- What use case is the model going to support/resolve?
Related to https://phabricator.wikimedia.org/T371902
- Do you have a '''model card''' ?
https://meta.wikimedia.org/wiki/Machine_learning_models/Proposed/Language-agnostic_reference_risk
- What team created/trained/etc.. the model? What tools and frameworks have you used?
- What kind of data was the model trained with, and what kind of data the model is going to need in production (for example, calls to internal/external services, special datasources for features, etc..) ?
This model requires access to precomputed domain metadata for inference. This metadata is currently expected to be updated monthly through an Airflow DAG maintained by research engineering which invokes the reference quality pipeline to generate a new snapshot of domain features every month. The pipeline itself depends on the wmf.mediawiki_wikitext_history dataset in the data lake for retrieving historical information on a domain and also on wmf.mediawiki_wikitext_current for getting the perennial sources labels for domains.
To facilitate retrieval, these snapshots are exported in the form of an sqlite database with the following table:
sqlite> .schema domains CREATE TABLE IF NOT EXISTS "domains" ( "wiki_db" TEXT, "domain" TEXT, "page_distinct_cnt" INTEGER, "add_user_distinct_cnt" INTEGER, "ref_max_lifespan_mean" REAL, "ref_max_lifespan_p25" REAL, "ref_max_lifespan_median" REAL, "ref_max_lifespan_p75" REAL, "ref_real_lifespan_mean" REAL, "ref_real_lifespan_p25" REAL, "ref_real_lifespan_median" REAL, "ref_real_lifespan_p75" REAL, "num_edits_mean" REAL, "num_edits_p25" INTEGER, "num_edits_median" INTEGER, "num_edits_p75" INTEGER, "sur_edit_ratio_mean" REAL, "sur_edit_ratio_p25" REAL, "sur_edit_ratio_median" REAL, "sur_edit_ratio_p75" REAL, "psl_local" TEXT, "psl_enwiki" TEXT, "snapshot" TEXT ); CREATE INDEX "ix_domains_wiki_db_domain"ON "domains" ("wiki_db","domain");
This database is then uploaded to the feature-sets container in swift which is world readable i.e. has read ACL '.r:*,.rlistings'. Available snapshots can be listed via:
$ curl 'https://thanos-swift.discovery.wmnet/v1/AUTH_research/feature-sets?prefix=reference-risk'
- If you have a minimal codebase that you used to run the first tests with the model, could you please share it?
The original source for the model lives in the reference-quality repo.
An adapted version of it that works with the generated sqlite databases has been added to knowledge-integrity and can be used by installing v0.8.3.
- State what team will own the model and please share some main point of contacts.
- What is the current latency and throughput of the model, if you have tested it? We don't need anything precise at this stage, just some ballparks numbers to figure out how the model performs with the expected inputs. For example, does the model take ms/seconds/etc.. to respond to queries? How does it react when 1/10/20/etc.. requests in parallel are made? If you don't have these numbers don't worry, open the task and we'll figure something out while we discuss about next steps!
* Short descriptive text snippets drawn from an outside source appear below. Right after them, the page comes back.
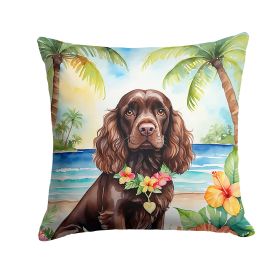 Cocker Spaniel Luau Throw Pillow Machine Washable, Indoor Outdoor Decorative Pillow for Couch, Bed or Patio, 14Hx14W
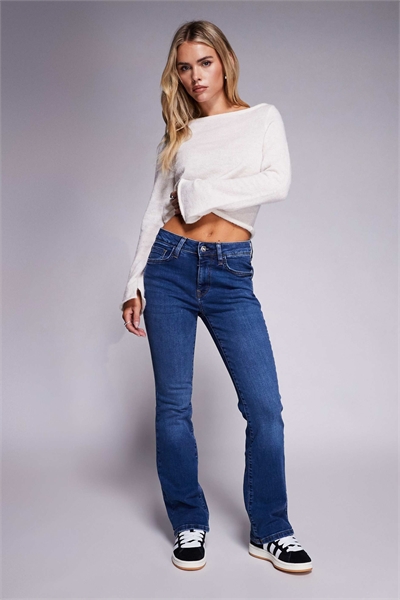 Джинсы средней посадки с расклешенными брючинами артикул 151898675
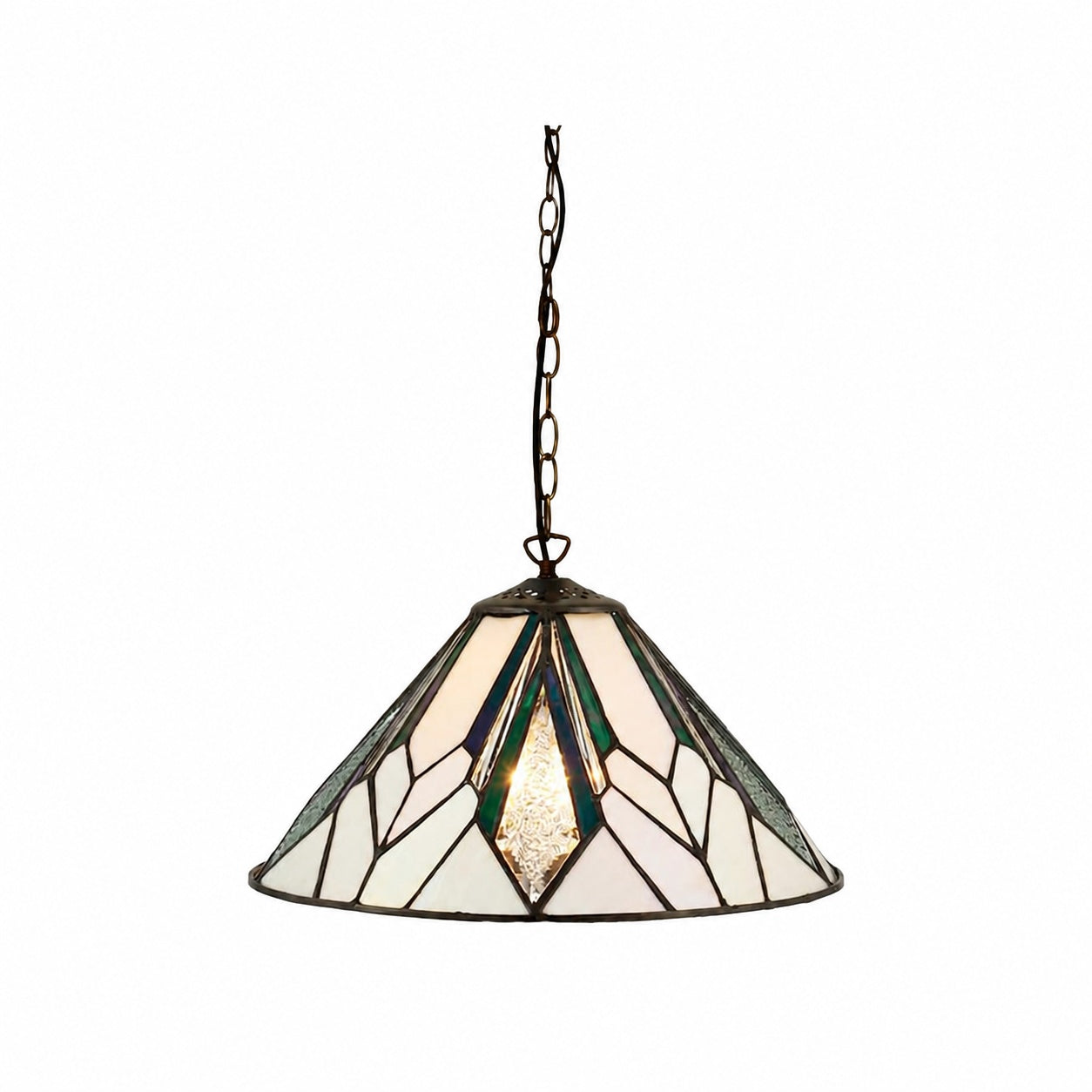TF Astoria Tiffany Deckenleuchte – Geometrisches Glasdesign mit Noppen für das Wohnzimmer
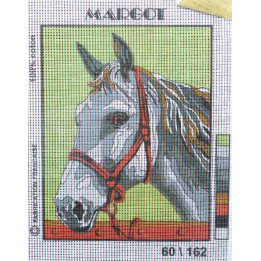 Canevas à broder 20 x 25 cm  marque MARGOT thème CHEVAL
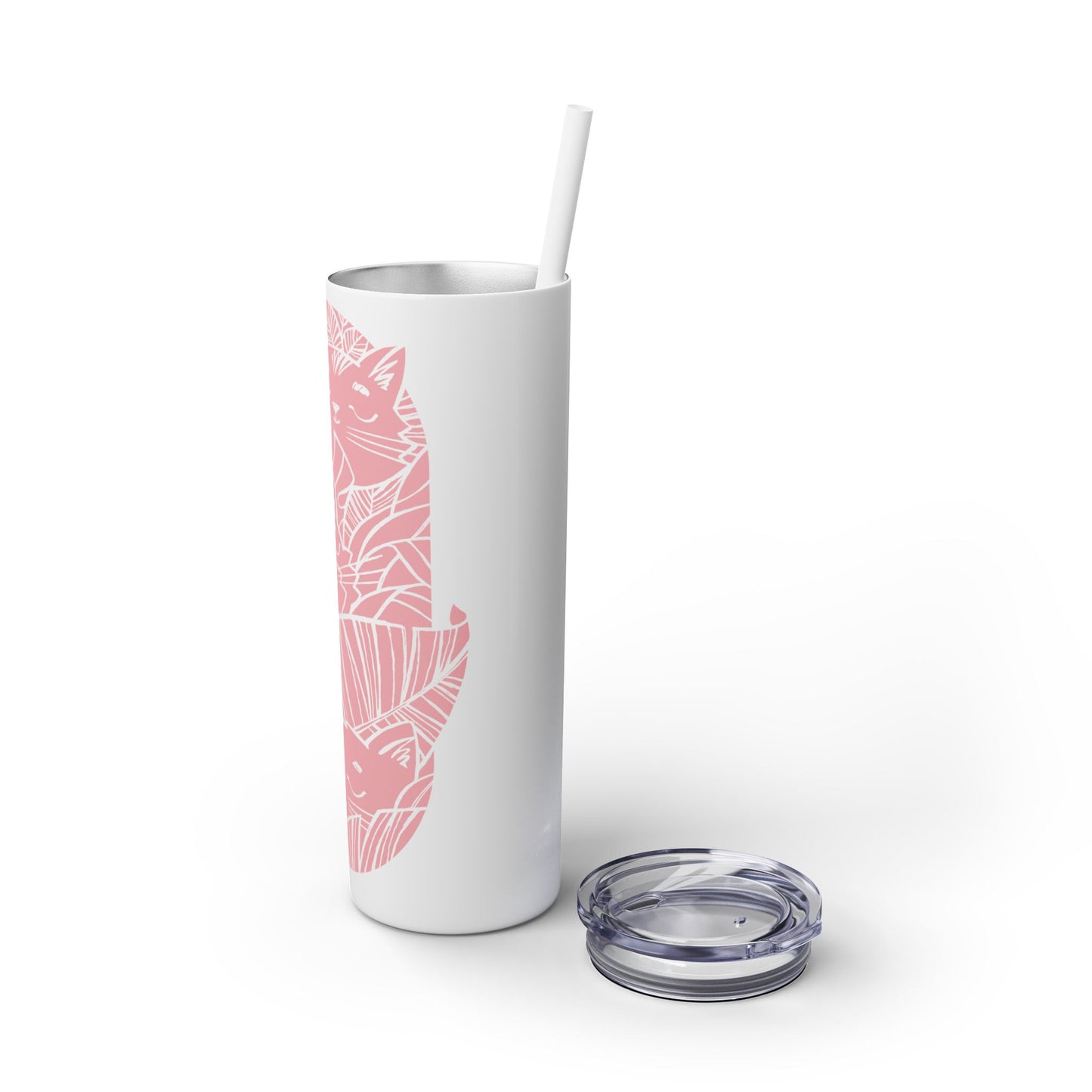 Jungle Cats Skinny Tumbler with Straw, 20oz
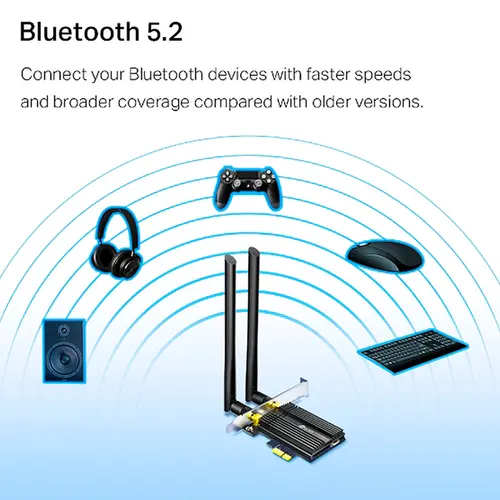 Adaptador TP-Link Archer TX50E AX3000 PCIe Wi-Fi 6 Bluetooth Dual Band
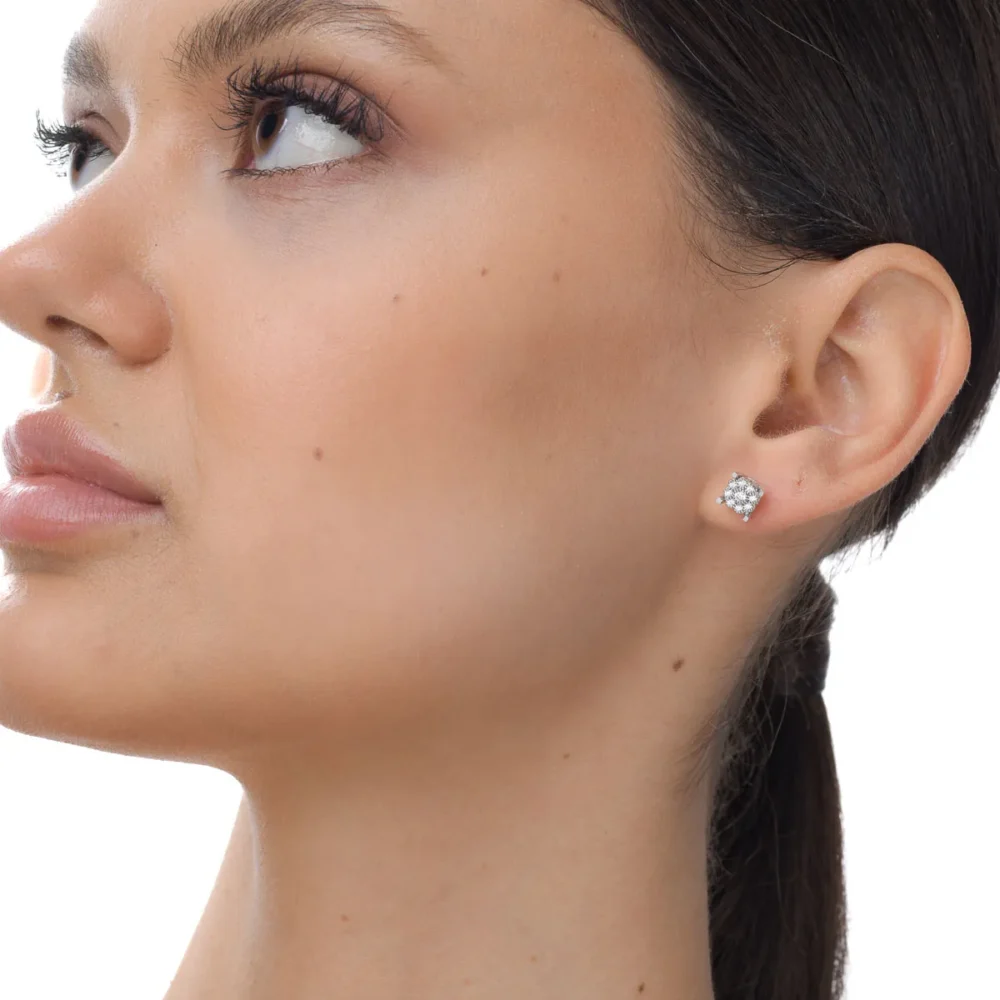 Cercei floare din aur alb cu zirconia - imagine 3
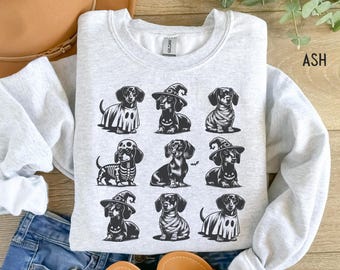 Halloween Sweatshirt, Dachshund Halloween Sweater, Pumpkin Sweatshirt, Halloween Dog Sweatshirt Retro Spooky Season, Weenie Dog, Weiner Dog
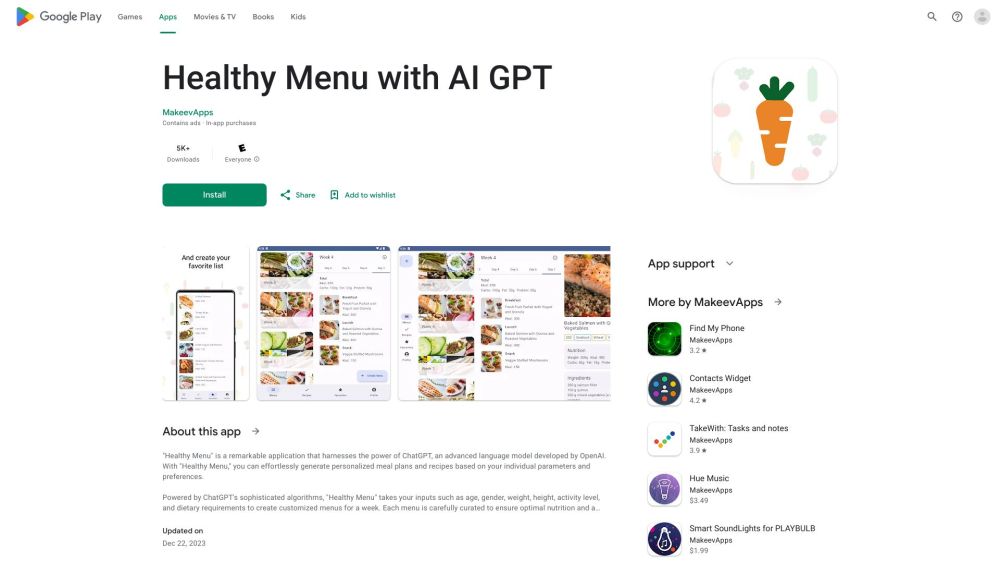 Healthy Menu: AI Tool for Meal Plans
- Is there an expected frequency in which the model will have to be retrained with new data?
- What are the resources required to train the model and what was the dataset size?
- Have you checked if the output of your model is safe from a human rights point of view? Is there any risk of it being offensive for somebody? Even if you have any slight worry or corner case, please tell us!
- Everything else that is relevant in your opinion.